- by a California miner
When snow lies deep on every hill,
Silence reigns, the birds are still;
Where gold is nestling in the mines,
And dark clefts rest among the pines;
The earth is robed in purest white,
THe sun gives out its dazzling light;
The snow-shoe racers each in place,
The given signal starts the race.
People in cities never can know
How jolly it is to glide o'er the snow.
Down the mountain side, like birds in flight,
or meteors on a starry night--
Bending low to miss the breeze,
Flying past the stately trees,
Rushing down to the flat below,
dancing over the "beautiful snow,"
Falling, rolling, seeing stars--
Then hear the laughing crowd's hurrahs.
Away down the valleys, where oranges grow,
They miss all the fun we have in the snow.

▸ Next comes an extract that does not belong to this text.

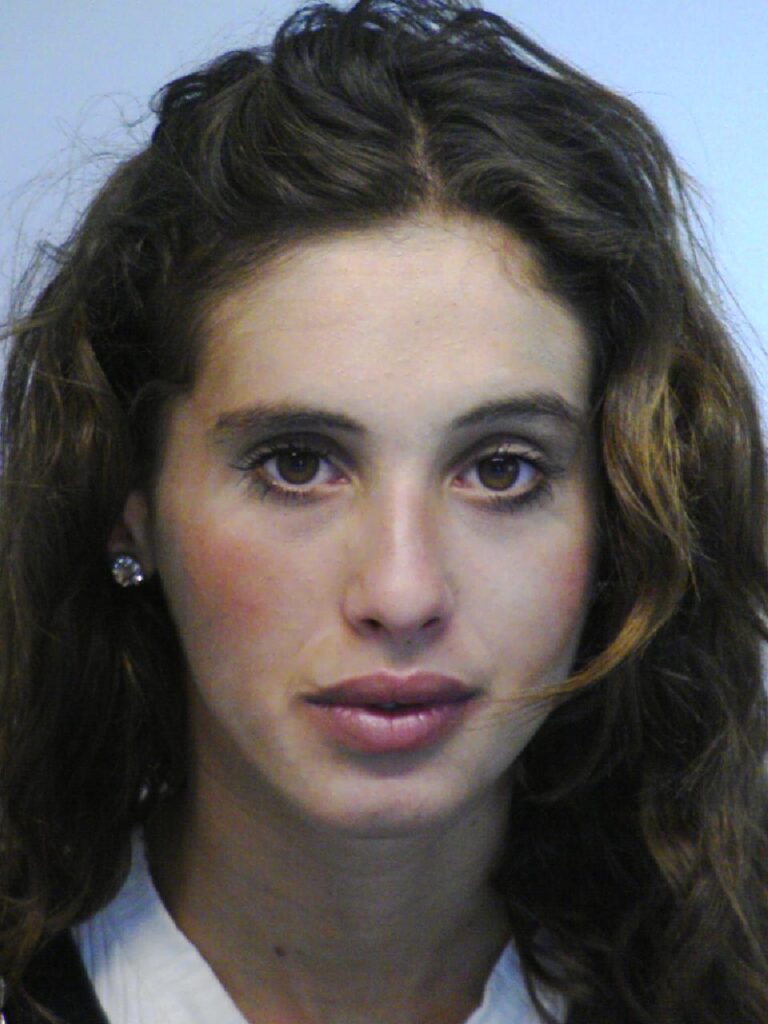 Lopás miatt körözik a 23 éves Oláhné Baranyi Pamélát 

The ladies too with modest grace,
Will take their chance to win the race;
Their hearts may beat with fear or hope,
But each has got her lightning "dope"--
The signal's given, off they go;
Pull wild at starting, scratching snow.
And if the dears are not experts,
The air seems filled with snow and skirts.
They try it again, with faces aglow,
Determined to win or die in the snow.
When darkness o'er the hills advance,
The sport ends with the social dance;
Chill winter thus his pleasure bring,
And water flows with early spring,
The glittering gold that lay below,
is brought to light by melting snow;
The track is gone, but beaming faces
with glee recall the snow-shoe races.
People in cities and valleys may know,
when it's falling there's gold in the snow.
(This appeared in the Mountain Messanger, February 1, 1879)
Though they were called Norwegian Snow Shoe Races, early pictures clearly show that they were early ski races. they did this on primitive hand made skis, often 9 to 12 ft long and had a single pole. Snowshoe Thomson was an early mail carrier that used skis to go his route. A book that I am reading tells of a race in an early Californian Mining camp called La Porte. Snowshoe Thomson traveled 200 miles on his skis to attend and participate, but was defeated. Appareantly, he knew nothing of using "dope" and a crouch position. His crossing the mountains to deliver mail didn't call for that, he was an expert at skiing the backcountry. In the back country he had to turn to avoid obstacles and run up and down hills. The miner's form of skiing was more of a tuck and fly ahead as straight as one could. They considered Snowshoe Thomson's upright style to be effeminate.
Women raced too, but because they wore dresses to race, they generally raced in an upright position. Racing in a crouched position often ended with skirts flying over head. Some women did master this using their single pole to hold the skirt in place, however.